- **The task**: Copy every line of the listing exactly.

- **Material provided**:

═══

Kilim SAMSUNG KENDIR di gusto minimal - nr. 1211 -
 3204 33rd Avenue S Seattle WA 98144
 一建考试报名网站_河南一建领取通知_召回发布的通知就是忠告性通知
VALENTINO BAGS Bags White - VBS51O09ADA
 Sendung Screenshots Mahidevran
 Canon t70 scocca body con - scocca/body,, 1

═══

- **Result**:
Kilim SAMSUNG KENDIR di gusto minimal - nr. 1211 -
 3204 33rd Avenue S Seattle WA 98144
 一建考试报名网站_河南一建领取通知_召回发布的通知就是忠告性通知
VALENTINO BAGS Bags White - VBS51O09ADA
 Sendung Screenshots Mahidevran
 Canon t70 scocca body con - scocca/body,, 1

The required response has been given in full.